I have made multiple trips up and down the hẻm along the railway from Le Van Sy to capture the moods both during the week and on weekends. As the hẻm serves both pedestrians and motorbikes, navigating the walkways can be challenging on most days.
What I discovered was at the intersection of main thoroughfares, both vehicular and pedestrian traffic was at the usual frenetic pace of Saigon. But venture into the blocks adjoining the tracks, and the pace of life notably slackens.
As a starting point, I chose the intersection of Hẻm 115 and Tran Van Dang Street, where the train yard tracks parallel the main line. This bustling intersection leads off into the narrow and pulsating market road of Tran Van Dang.
The stretch curving up to Hoang Sa Street is noticeably devoid of greenery, more industrialized and filled with urban detritus along the tracks. It is along this street that I met Sang, who has been running the neighborhood recycling effort and has lived here for the past 50 years. Ve chai collectors and locals bring everything from plastic bottles and cardboard to metal scraps for redemption. When I showed him my previous stories on recycling for Saigoneer, Sang told me: “I’ve been doing my part to help the recycling effort and make people aware that they can gain extra money from recycling.”

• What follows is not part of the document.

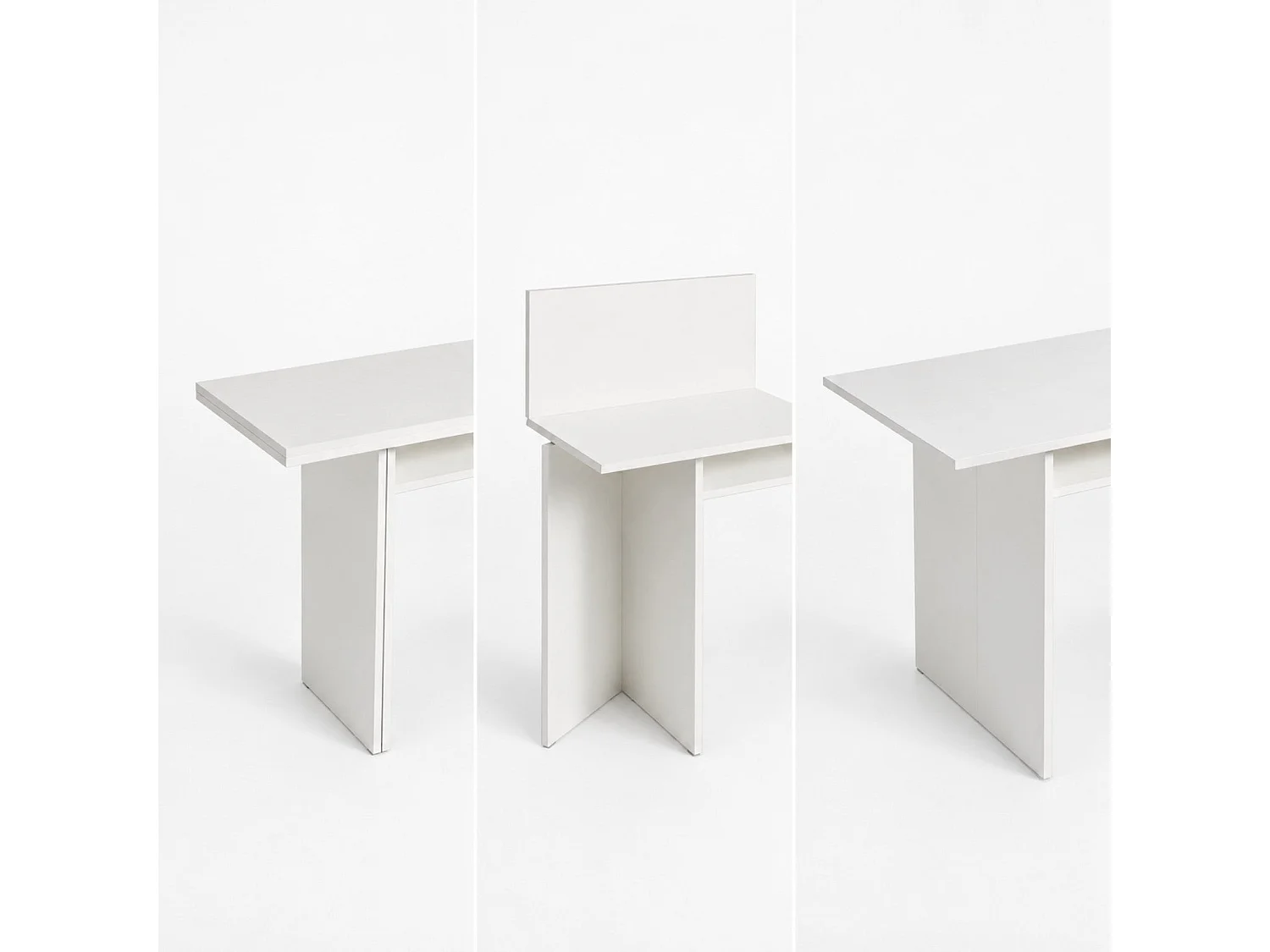The White Stone Console extensible blanche gain de place transformable | table console extensible cuisine salon | 120x35/70x76 cm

Next door to Sang, I met “Mr. Charcoal,” an affable gentleman who has been selling charcoal to restaurants and mobile food sellers in the neighborhood for over 20 years. “It’s not a clean business, but neither is this section of the tracks,” he said with a wry smile.
Navigating the usually busy streets of Truong Sa and Hoang Sa on either side of the Nhieu Loc Canal can be challenging at best. However, with scant trains rumbling overhead on Sundays, the space under the bridge becomes a peaceful spot for fishing.
After crossing Hoang Sa, as one steps down into the hẻm, an air of calmness pervades. Between Hoang Sa and Le Van Sy, the paths are an oasis of greenery, with boughs overhead and various plants from creeping vines to delicate orchids in abundance.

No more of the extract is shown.